### Instructions for the task
Please write out only the lines from the line with "Large Concrete Patio" to the line with "Ashro lookbook customer", inclusive, exactly as they stand below, without the pictures.

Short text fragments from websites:

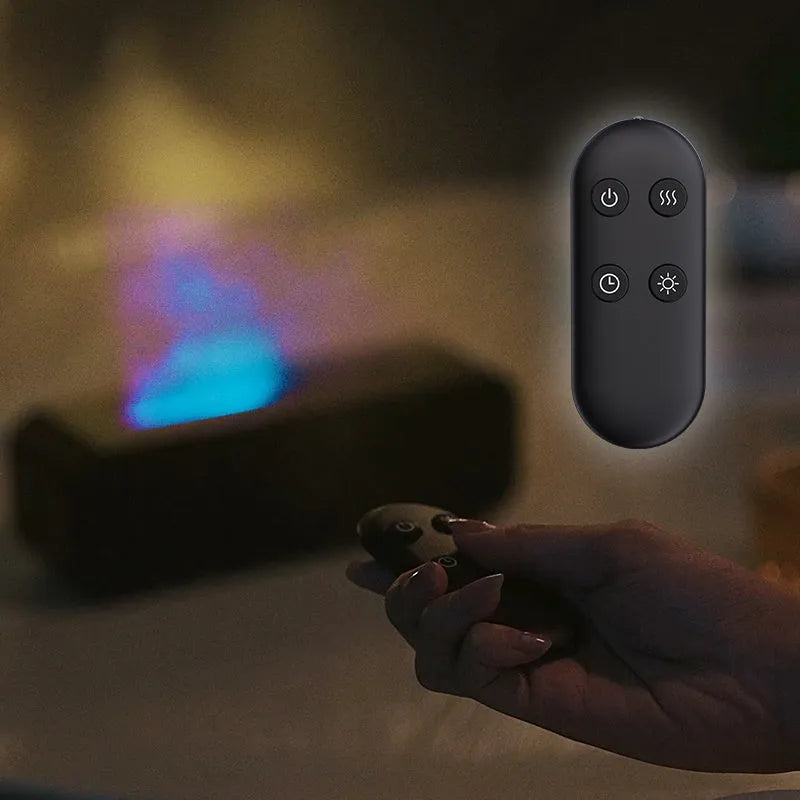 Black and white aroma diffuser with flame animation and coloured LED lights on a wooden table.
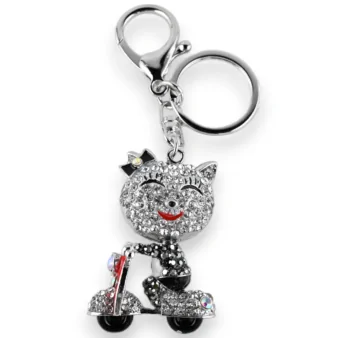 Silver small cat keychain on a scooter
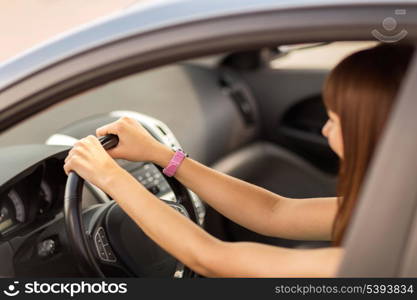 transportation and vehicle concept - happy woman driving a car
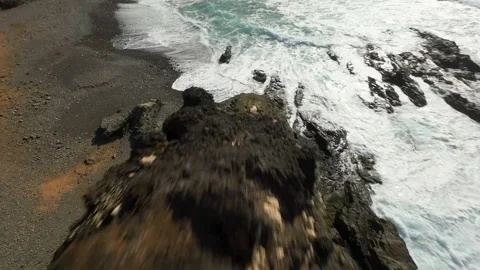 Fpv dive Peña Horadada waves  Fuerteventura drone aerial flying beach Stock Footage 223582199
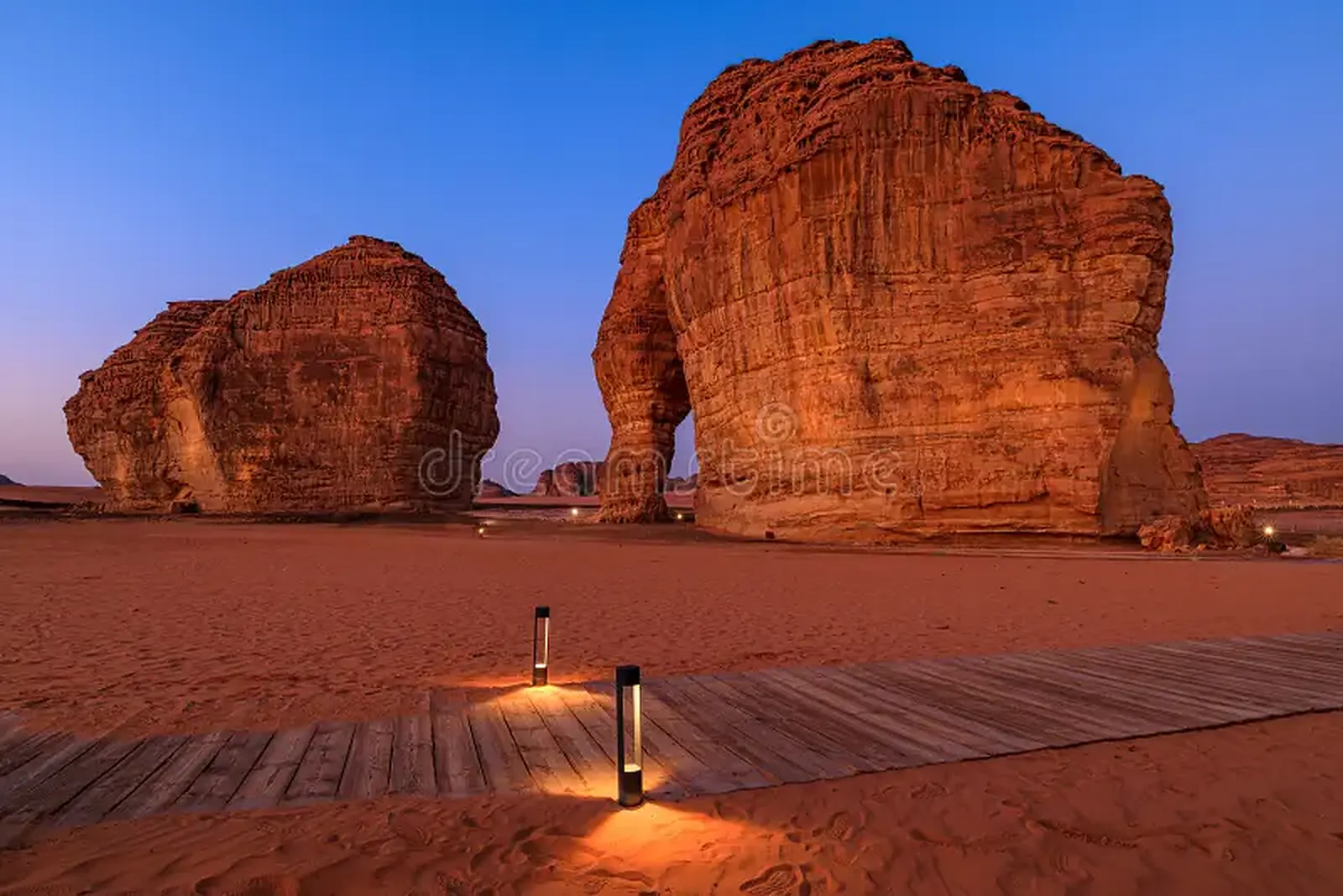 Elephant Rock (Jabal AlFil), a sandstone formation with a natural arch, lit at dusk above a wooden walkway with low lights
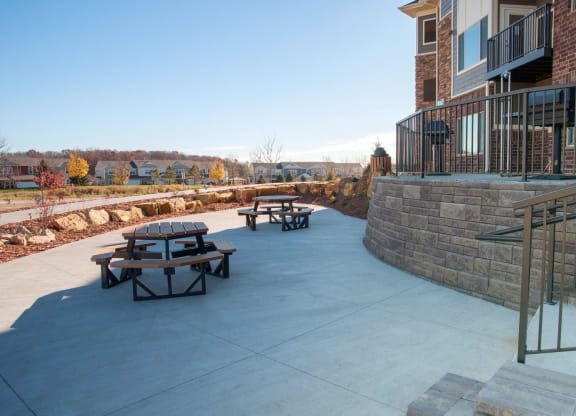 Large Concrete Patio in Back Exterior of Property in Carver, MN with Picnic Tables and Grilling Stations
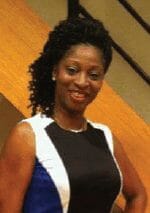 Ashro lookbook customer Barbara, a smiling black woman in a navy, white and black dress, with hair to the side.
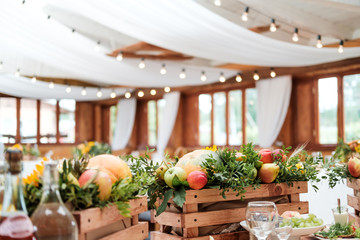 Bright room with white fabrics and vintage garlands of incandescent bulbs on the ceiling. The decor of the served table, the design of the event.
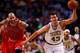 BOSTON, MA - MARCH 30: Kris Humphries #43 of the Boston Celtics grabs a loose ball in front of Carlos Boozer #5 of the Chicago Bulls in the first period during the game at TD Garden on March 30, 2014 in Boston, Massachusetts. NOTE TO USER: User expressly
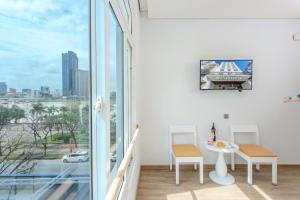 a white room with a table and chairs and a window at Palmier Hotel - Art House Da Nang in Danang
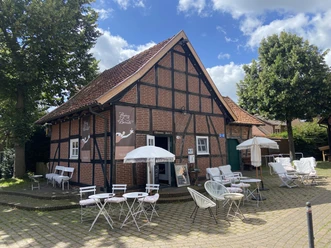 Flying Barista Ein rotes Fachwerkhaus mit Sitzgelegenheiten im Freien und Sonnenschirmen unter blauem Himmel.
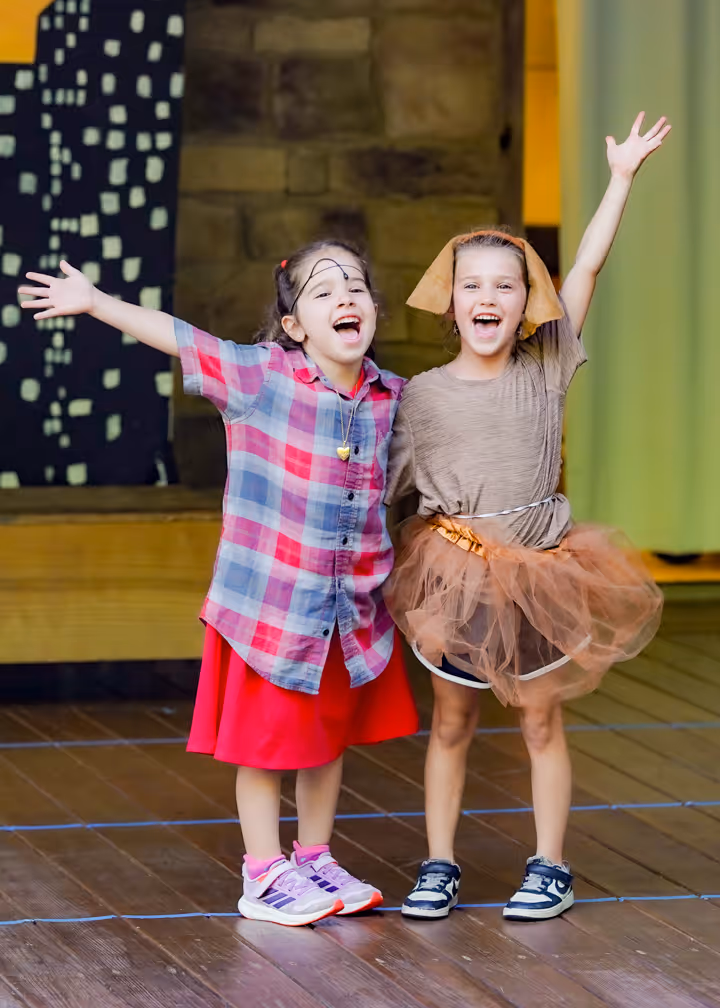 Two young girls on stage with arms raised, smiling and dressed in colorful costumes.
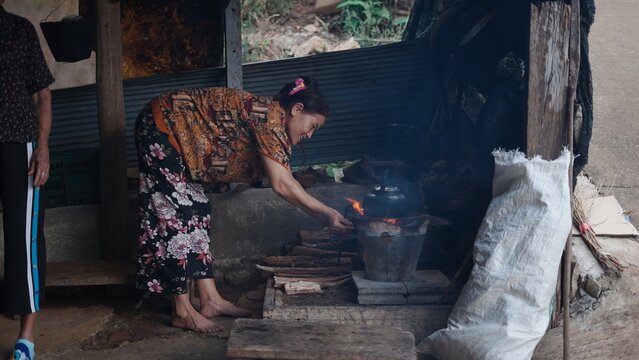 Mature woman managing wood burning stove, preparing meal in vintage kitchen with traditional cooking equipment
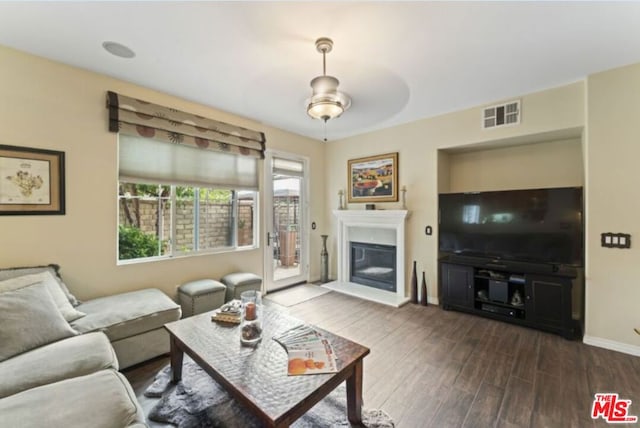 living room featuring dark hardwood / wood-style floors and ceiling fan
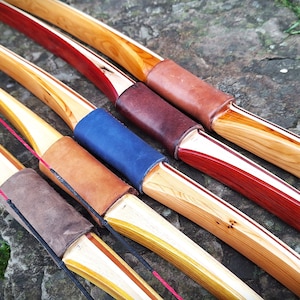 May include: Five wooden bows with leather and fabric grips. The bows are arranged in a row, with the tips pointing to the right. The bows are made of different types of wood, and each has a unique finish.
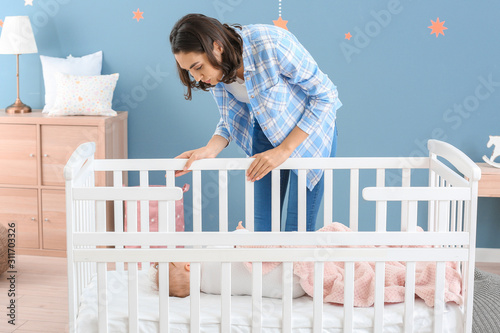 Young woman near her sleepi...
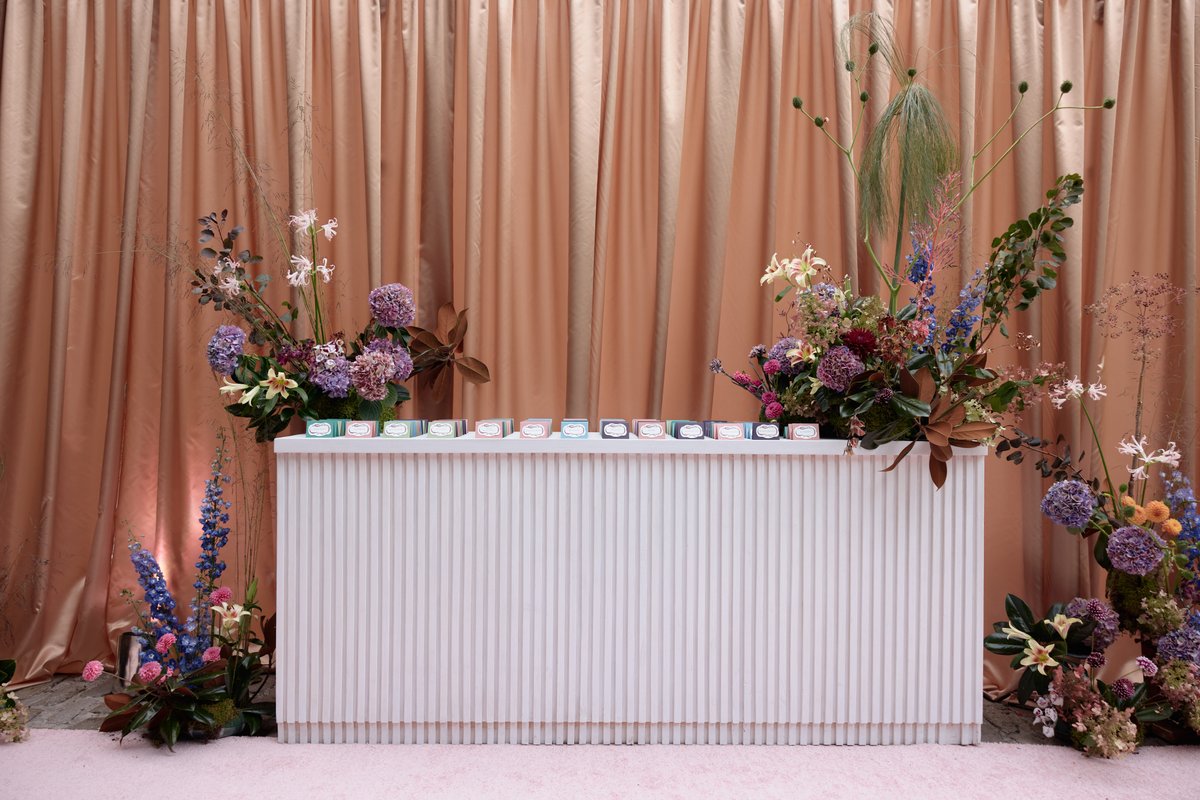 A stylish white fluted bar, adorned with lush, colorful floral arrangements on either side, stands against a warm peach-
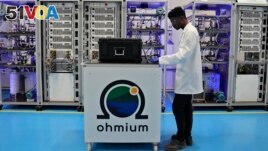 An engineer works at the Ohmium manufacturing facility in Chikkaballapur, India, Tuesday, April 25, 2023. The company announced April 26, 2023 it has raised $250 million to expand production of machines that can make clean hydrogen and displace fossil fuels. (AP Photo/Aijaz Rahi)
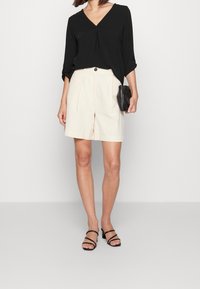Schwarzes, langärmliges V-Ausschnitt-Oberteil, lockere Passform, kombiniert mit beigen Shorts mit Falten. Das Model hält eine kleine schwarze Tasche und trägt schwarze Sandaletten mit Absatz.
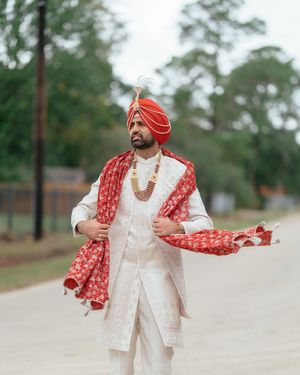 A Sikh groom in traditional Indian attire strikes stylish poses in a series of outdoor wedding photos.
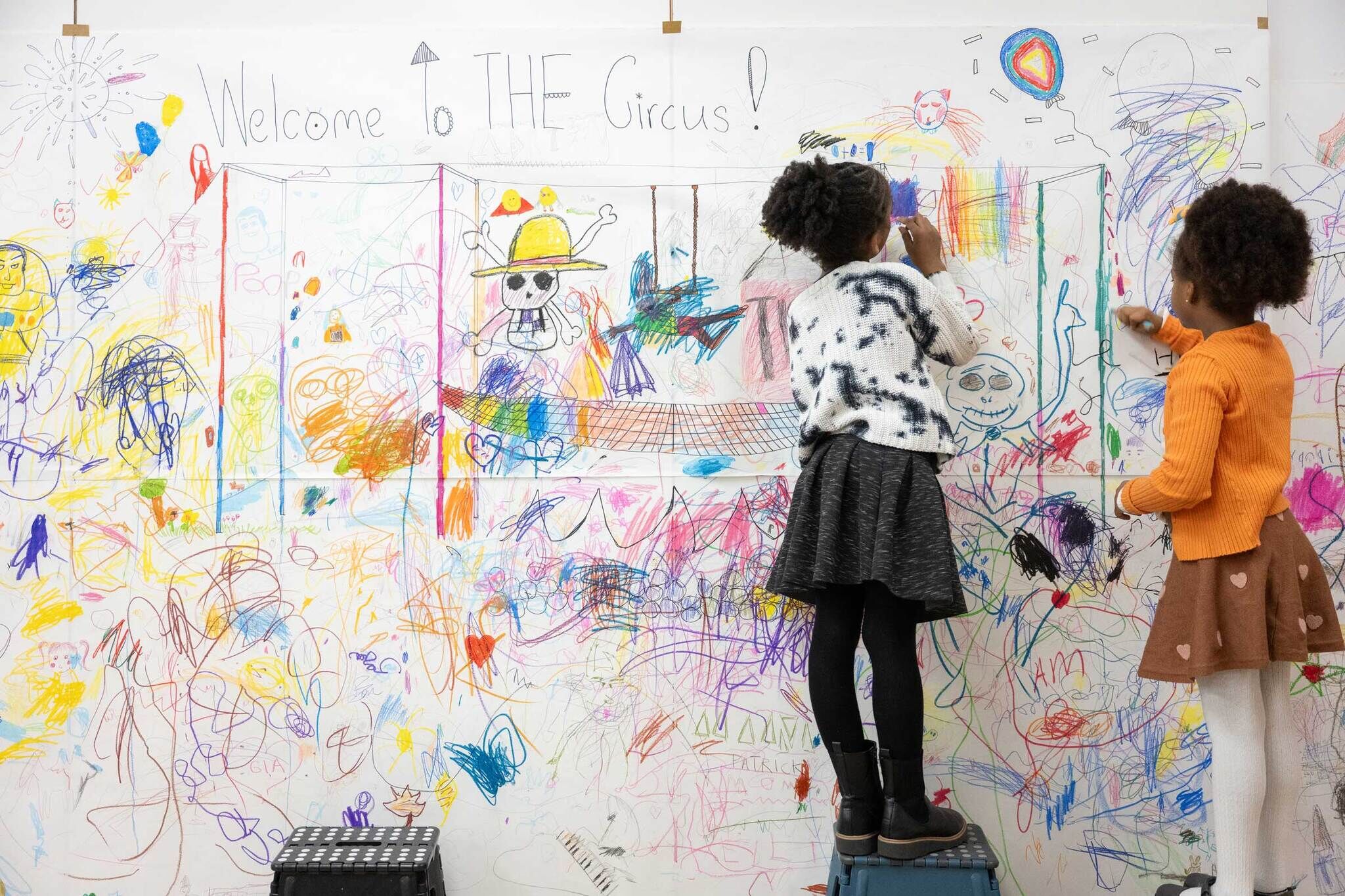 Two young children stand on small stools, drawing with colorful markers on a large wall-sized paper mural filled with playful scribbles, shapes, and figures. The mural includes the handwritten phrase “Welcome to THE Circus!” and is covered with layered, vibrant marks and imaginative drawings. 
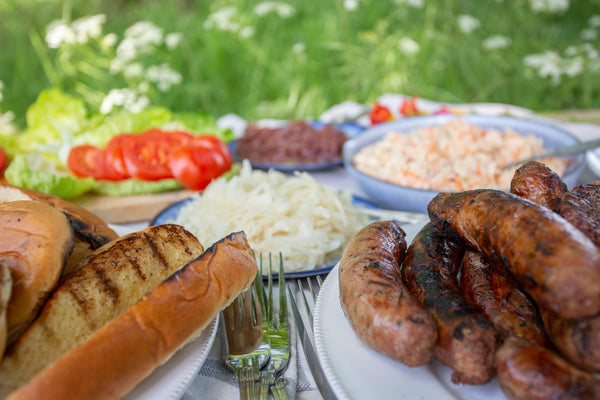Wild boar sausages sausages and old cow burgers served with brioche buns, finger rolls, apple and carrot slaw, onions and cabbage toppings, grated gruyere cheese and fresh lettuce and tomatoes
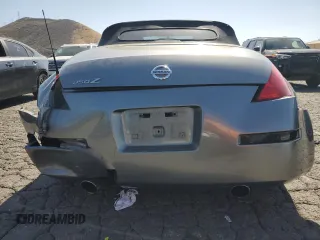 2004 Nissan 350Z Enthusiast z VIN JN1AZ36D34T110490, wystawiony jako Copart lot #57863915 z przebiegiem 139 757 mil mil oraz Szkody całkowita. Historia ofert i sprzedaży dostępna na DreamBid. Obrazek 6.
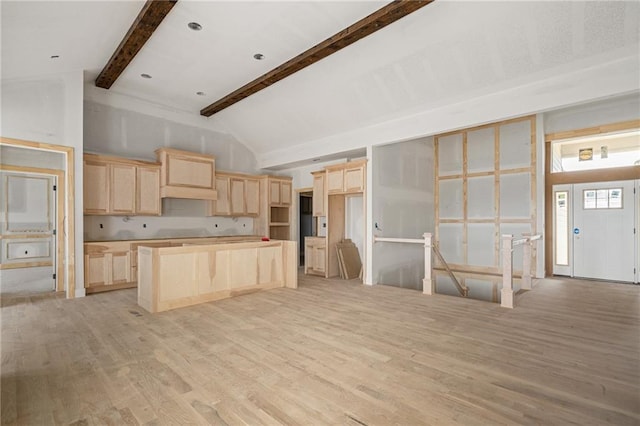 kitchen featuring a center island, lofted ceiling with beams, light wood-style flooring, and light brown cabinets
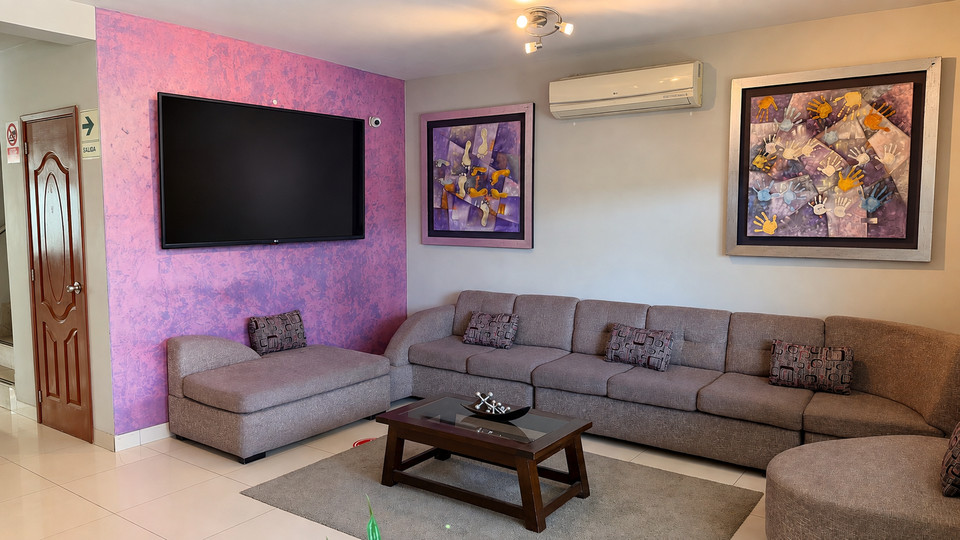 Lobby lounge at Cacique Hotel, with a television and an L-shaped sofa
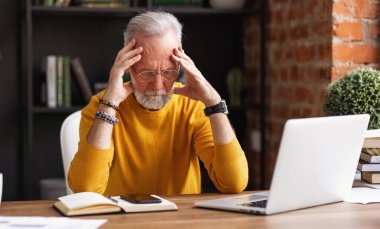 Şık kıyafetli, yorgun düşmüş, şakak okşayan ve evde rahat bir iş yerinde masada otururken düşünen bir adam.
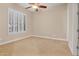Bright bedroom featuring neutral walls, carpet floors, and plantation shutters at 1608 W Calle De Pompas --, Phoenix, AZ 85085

### Result for this task
 Large Concrete Patio in Back Exterior of Property in Carver, MN with Picnic Tables and Grilling Stations
 Ashro lookbook customer Barbara, a smiling black woman in a navy, white and black dress, with hair to the side.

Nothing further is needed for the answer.